### Exercise
In the entries below, count the lines that include the word "Sleeve" and reply with the number alone.

### Supplied data
##########

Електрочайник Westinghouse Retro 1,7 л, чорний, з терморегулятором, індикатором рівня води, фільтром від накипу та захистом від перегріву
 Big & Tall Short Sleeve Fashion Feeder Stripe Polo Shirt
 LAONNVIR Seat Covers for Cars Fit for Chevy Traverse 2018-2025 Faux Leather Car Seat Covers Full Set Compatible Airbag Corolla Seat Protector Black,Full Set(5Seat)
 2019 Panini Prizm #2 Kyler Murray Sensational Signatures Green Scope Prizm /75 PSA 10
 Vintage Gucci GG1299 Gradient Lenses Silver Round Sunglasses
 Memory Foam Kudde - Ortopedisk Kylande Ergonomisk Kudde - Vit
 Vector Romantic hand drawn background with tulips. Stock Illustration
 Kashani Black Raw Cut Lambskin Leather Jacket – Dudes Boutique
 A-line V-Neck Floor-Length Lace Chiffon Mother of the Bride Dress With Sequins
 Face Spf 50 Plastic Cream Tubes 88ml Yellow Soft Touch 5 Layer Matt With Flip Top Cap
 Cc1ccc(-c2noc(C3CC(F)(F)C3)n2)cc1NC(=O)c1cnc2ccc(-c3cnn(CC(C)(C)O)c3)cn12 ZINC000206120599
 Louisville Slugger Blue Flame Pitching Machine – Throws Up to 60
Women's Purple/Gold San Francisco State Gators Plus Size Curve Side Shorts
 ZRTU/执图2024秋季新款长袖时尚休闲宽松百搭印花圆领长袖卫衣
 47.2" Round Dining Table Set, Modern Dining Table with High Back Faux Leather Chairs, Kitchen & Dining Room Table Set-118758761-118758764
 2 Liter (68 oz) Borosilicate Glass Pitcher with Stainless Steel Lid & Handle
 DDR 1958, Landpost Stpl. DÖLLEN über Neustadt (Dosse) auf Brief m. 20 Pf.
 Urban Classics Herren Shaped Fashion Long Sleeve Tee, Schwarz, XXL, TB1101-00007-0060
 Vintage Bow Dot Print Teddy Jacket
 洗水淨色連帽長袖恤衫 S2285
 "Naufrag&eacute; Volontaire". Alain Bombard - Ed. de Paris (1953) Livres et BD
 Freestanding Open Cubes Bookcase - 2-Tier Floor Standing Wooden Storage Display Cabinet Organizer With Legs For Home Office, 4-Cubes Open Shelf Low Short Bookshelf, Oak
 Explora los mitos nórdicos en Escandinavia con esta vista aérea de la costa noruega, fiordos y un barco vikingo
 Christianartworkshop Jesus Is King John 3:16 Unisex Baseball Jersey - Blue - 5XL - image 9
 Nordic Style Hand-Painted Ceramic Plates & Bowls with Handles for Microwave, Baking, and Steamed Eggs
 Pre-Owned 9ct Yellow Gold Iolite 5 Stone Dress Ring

##########

### Result for this exercise
2